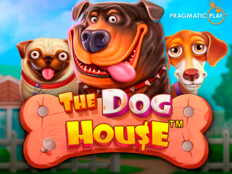 The dog house casino. Parobet kumarhane.49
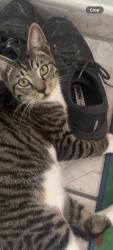 Lost Male Cat last seen Alhambra and Miramar parkway , Miramar, FL 33023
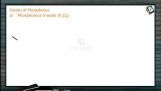 P Block Elements - Oxides Of Phosphorus (Session 9) P Block Elements - Oxides Of Phosphorus (Session 9)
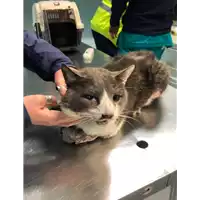 Foto dell\'animale gatto - Matr. 2021/0297 - Microchip 380260044541627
----
From the data above, write out everything exactly except the pictures.

> [ANSWER BELOW]
 The dog house casino. Parobet kumarhane.49
 Lost Male Cat last seen Alhambra and Miramar parkway , Miramar, FL 33023
 P Block Elements - Oxides Of Phosphorus (Session 9) P Block Elements - Oxides Of Phosphorus (Session 9)
 Foto dell\'animale gatto - Matr. 2021/0297 - Microchip 380260044541627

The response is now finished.